As a miserable, alienated, and frightened pre-adolescent, terrified of each new school day, I would have given anything to have a Deep Thought of my own to tell me What The Hell It Was All About. Throughout my adulthood, even with whatever wisdom I had accumulated, I would have no less welcomed an algorithmic answer to Life, the Universe, and Everything. But it doesn’t exist. It can’t exist.

In recent years, coming closer to terms with who I am has allowed me the psychic space to better appreciate those things that do not fit into a formula for optimal meaning generation. An atheist and skeptic through and through, I have yet developed warmer feelings toward practices and frames of mind that are usually the domain of religion. I don’t need to believe in the literal existence of supernatural beings in order to find peace, connection, or motivation through ritual and story. I am developing a love for the numinous and the immeasurable.

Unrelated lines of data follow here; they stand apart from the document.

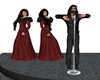 singing + dancing anima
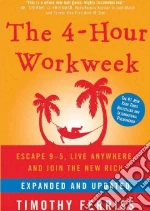 The 4-Hour Workweek (CD Audiobook)
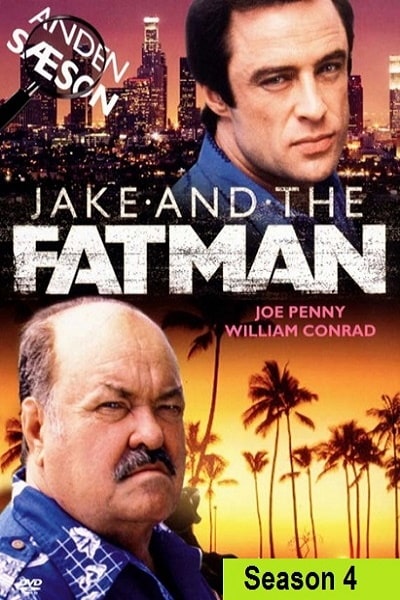 Jake and the Fatman - Season 4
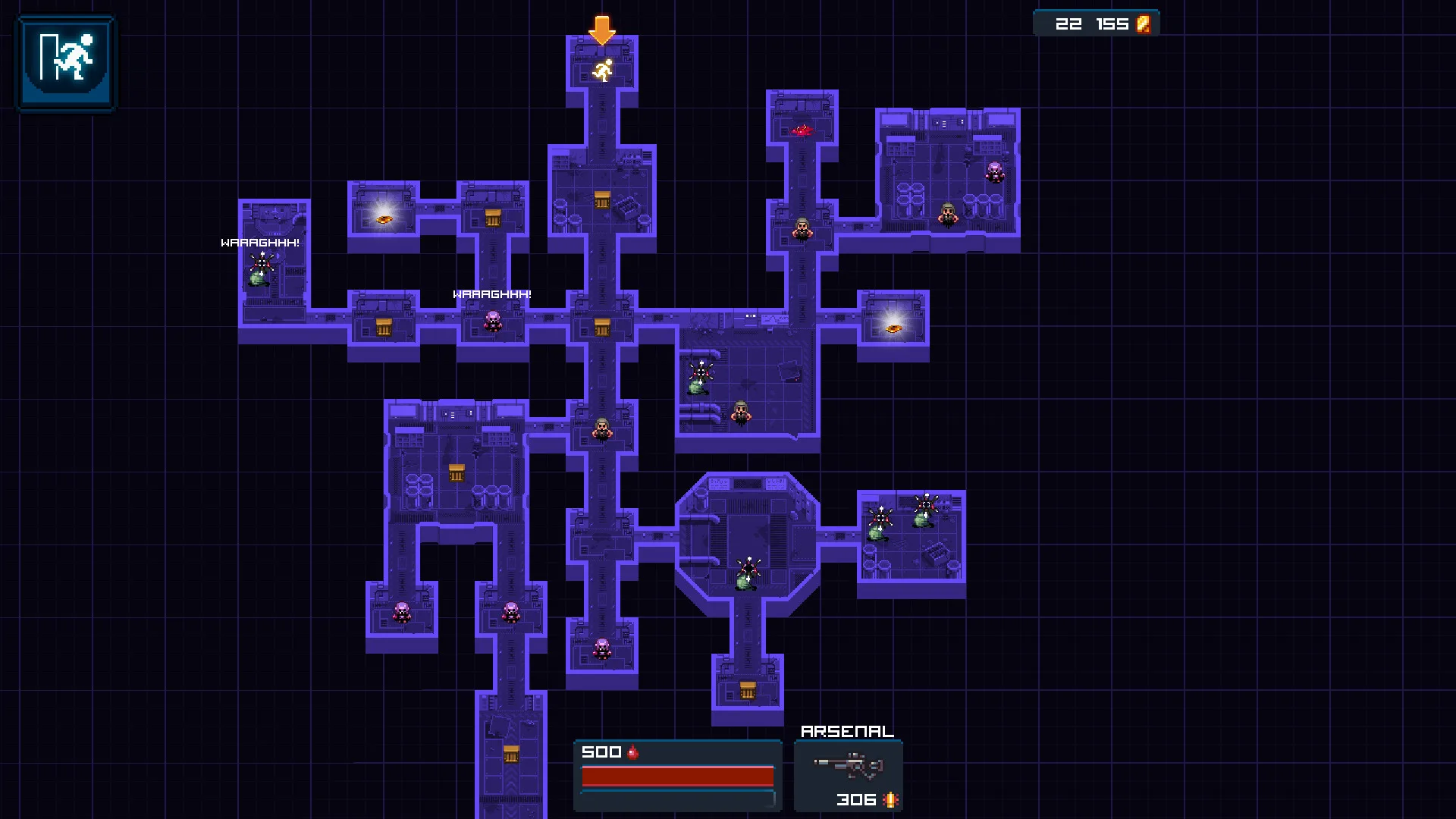 Super Turbo Demon Busters! screenshot 3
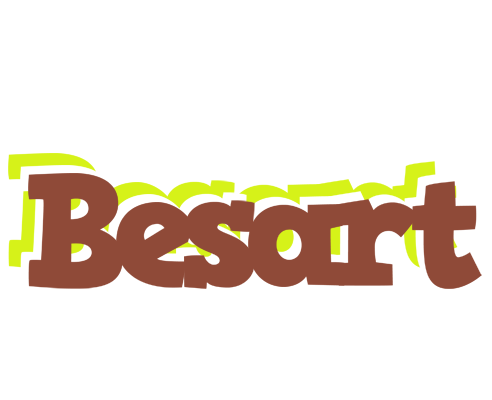 Besart caffeebar logo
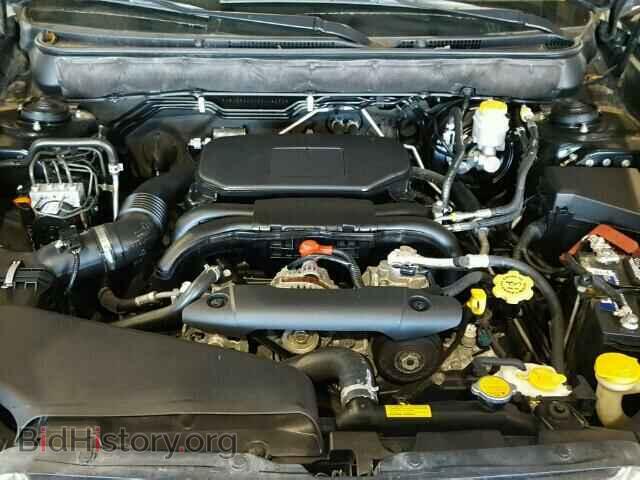 2011 SUBARU OUTBACK - VIN: 4S4BRCCC4B3446090 - Фото 7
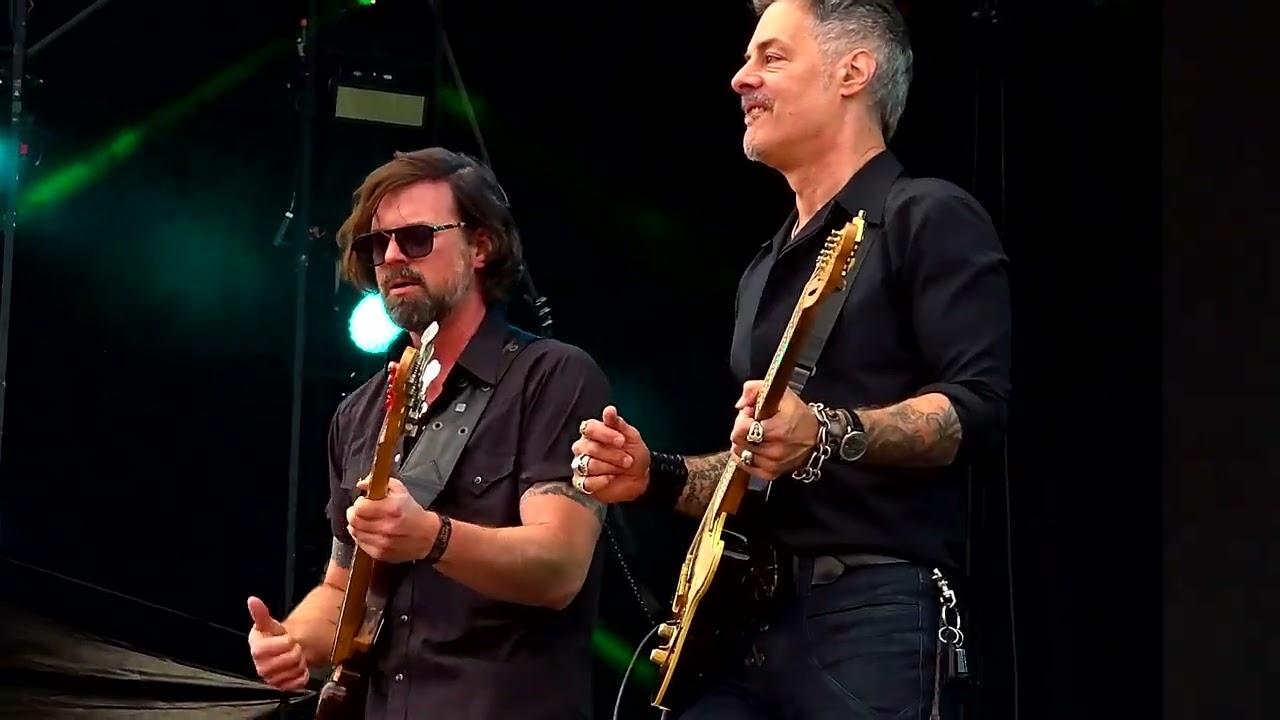 Richie Kotzen - Help Me (Live SRF 2024-06-08) - YouTube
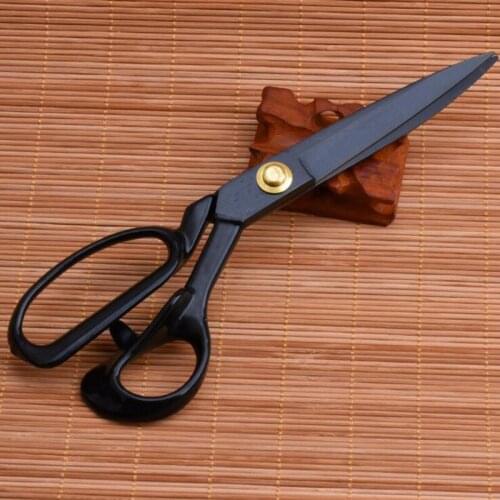 Retro Sewing Tailors Scissors For Cutting Scissors Shears Embroidery Cutter Scissors Sharp Blade Dressmaking Clothes DIY Fabric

Ritual, for me, can come in the form of artistic creation. Writing essays like this is a kind of prayer or meditation, allowing me to have a conversation with myself, to interrogate and beseach my own mind for insight. Making theatre is not unlike having a church, where great stories are told by a congregation of participants in order to be shared and experienced by the community. Indeed, theatre and religion are siblings, both born from the stories told by our earliest ancestors around the fire.

These things are not, in and of themselves, meaning. Theatre may have an effect on me that is akin to “spiritual,” and I might just really like doing it, but that’s not what makes it meaningful. It’s not even enough to say that something in my life has meaning because I have chosen to bestow meaning upon it. Really, it’s the fact that I’m not at all sure that it has any meaning at all. Or that anything does.

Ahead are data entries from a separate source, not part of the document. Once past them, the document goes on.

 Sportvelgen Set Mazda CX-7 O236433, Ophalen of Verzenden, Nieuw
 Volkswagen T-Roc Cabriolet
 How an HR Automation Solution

For our lives to matter, and for what we do to have meaning, we have to endow it with meaning ourselves. But, remember, in the sense of some core, cosmic truth, meaning does not exist. So for me to bestow meaning on something is the same as my granting myself a knighthood. I can do all the bestowing I want, but it doesn’t make it so.

The point, then, is not to discover meaning. The point is to look for it. It’s the search, the investigation, and yes, the agonizing doubt. There are precious few creatures living, that we know of, that are blessed, or cursed, with the ability to even engage in this kind of inquiry. It is a quest to satisfy a yearning for that which can never truly be had.

And there is no single way one is supposed to go about it. “Suppostas” are meaning-repellents.

I was about 10 years old when I realized I was something of an alien among other humans. After college, dear friends of mine told me I’d figure myself out by age 27, and that didn’t happen. At age 41, still fresh off of an autism diagnosis and a divorce, I looked at an actuarial table that showed that I was at the precise midpoint of my lifespan. Barring unfortunate events, I had lived the first half of my life. A few weeks ago, I stepped into the second half.

Maybe it’s age. Maybe I’m just too old at this point in my life to care anymore what people think of me. Maybe it’s not the result of personal enlightenment, but that I simply no longer have the energy to care. Or maybe being fatigued by all the pretending, all the masking, all the passing as “normal,” maybe that very exhaustion is what has allowed for clarity. I just know that my life is likely more than half over, and I’m tired of the suppostas.

I no longer want to fit in. I want everyone else to make room.

So now I actively combat my old instinct to worry about what it is I’m supposed to be like. It is a daily battle, but at least now I’m waging it. Now I am more interested in that yearning, the endless inquiry into meaning and mystery. And I often feel frustrated by the lack of solid answers and despairing of my failures, but I can also accept that the frustration and despair are themselves part of the story, as much as anything else.

It turns out the question was always the answer. And it just so happened that I would arrive at this understanding at this particular time in my life. So, in a way, the answer was, in fact, 42.